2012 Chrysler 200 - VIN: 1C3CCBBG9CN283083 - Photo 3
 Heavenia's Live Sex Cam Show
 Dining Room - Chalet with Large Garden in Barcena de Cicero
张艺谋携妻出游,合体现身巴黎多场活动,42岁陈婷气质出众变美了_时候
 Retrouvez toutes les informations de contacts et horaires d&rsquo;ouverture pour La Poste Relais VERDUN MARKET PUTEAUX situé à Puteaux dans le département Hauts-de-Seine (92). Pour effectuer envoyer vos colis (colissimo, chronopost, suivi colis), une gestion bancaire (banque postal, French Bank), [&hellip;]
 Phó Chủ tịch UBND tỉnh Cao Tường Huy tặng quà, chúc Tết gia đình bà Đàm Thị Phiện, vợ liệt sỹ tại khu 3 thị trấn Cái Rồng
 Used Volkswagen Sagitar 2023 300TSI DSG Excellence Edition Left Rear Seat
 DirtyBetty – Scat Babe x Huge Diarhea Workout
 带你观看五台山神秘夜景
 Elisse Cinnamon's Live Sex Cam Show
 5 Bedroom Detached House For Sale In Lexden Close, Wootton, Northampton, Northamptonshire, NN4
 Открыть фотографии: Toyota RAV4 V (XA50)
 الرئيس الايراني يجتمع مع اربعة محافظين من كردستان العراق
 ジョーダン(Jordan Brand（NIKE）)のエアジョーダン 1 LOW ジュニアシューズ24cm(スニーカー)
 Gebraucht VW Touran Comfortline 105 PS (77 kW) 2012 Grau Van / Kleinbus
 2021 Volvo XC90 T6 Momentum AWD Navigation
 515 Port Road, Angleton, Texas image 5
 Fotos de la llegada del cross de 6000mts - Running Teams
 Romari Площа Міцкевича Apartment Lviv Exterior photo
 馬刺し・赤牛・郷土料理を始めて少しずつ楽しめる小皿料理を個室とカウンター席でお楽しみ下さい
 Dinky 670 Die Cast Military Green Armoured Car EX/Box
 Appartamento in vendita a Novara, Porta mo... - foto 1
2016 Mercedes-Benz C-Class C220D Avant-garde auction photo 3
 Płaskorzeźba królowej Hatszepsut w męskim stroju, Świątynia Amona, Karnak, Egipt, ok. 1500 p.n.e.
⁂
# [Try it]
With the line containing "Dinky 670 Die" as the start and the last line of the material above as the end, copy that run of lines exactly, both ends included, and nothing more.

# [Response below]
 Dinky 670 Die Cast Military Green Armoured Car EX/Box
 Appartamento in vendita a Novara, Porta mo... - foto 1
2016 Mercedes-Benz C-Class C220D Avant-garde auction photo 3
 Płaskorzeźba królowej Hatszepsut w męskim stroju, Świątynia Amona, Karnak, Egipt, ok. 1500 p.n.e.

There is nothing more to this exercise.